Task item:
Within the material below, locate the line with "300917 - Cardiff" and the line with "a bed with a", then return those two lines and all lines between them, exactly as written.

Dataset extract:
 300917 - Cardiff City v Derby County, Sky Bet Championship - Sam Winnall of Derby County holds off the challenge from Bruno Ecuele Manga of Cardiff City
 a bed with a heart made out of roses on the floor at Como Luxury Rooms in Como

---

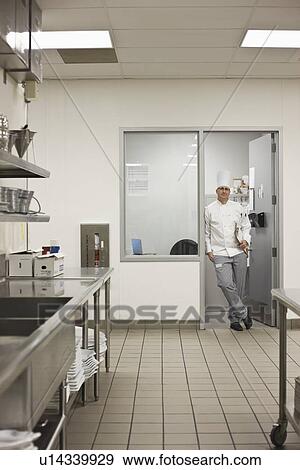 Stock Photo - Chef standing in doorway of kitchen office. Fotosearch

Answer space:
 300917 - Cardiff City v Derby County, Sky Bet Championship - Sam Winnall of Derby County holds off the challenge from Bruno Ecuele Manga of Cardiff City
 a bed with a heart made out of roses on the floor at Como Luxury Rooms in Como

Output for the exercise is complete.